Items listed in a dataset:
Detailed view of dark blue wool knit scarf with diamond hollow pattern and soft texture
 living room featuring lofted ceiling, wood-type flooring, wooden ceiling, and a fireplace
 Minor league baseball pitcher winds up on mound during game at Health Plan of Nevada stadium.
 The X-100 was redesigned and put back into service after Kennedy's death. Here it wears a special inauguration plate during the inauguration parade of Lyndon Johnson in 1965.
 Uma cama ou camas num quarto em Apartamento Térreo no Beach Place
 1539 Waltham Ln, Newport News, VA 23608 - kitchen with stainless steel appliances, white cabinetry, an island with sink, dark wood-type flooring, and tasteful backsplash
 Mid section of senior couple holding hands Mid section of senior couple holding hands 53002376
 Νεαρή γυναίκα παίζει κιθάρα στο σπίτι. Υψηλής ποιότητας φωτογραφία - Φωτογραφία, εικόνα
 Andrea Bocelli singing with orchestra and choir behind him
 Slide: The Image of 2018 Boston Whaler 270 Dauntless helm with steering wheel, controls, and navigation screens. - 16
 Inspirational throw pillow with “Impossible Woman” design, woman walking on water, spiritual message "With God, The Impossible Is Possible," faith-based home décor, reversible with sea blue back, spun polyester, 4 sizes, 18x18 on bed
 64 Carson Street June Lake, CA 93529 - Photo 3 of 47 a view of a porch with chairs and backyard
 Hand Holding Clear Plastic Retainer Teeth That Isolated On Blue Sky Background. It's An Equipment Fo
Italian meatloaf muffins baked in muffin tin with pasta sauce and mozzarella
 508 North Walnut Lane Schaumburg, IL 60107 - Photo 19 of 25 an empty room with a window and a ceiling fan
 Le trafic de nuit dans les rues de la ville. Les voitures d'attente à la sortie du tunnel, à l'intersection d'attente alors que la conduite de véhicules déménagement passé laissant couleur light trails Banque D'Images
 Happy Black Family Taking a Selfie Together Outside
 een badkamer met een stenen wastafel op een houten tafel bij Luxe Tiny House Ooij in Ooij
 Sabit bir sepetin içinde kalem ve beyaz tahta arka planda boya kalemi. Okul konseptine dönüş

> [What to produce]:
Copy, exactly as written, the lines above, beginning with the one that contains "Hand Holding Clear" and ending with the last.

> [Exercise output]:
 Hand Holding Clear Plastic Retainer Teeth That Isolated On Blue Sky Background. It's An Equipment Fo
Italian meatloaf muffins baked in muffin tin with pasta sauce and mozzarella
 508 North Walnut Lane Schaumburg, IL 60107 - Photo 19 of 25 an empty room with a window and a ceiling fan
 Le trafic de nuit dans les rues de la ville. Les voitures d'attente à la sortie du tunnel, à l'intersection d'attente alors que la conduite de véhicules déménagement passé laissant couleur light trails Banque D'Images
 Happy Black Family Taking a Selfie Together Outside
 een badkamer met een stenen wastafel op een houten tafel bij Luxe Tiny House Ooij in Ooij
 Sabit bir sepetin içinde kalem ve beyaz tahta arka planda boya kalemi. Okul konseptine dönüş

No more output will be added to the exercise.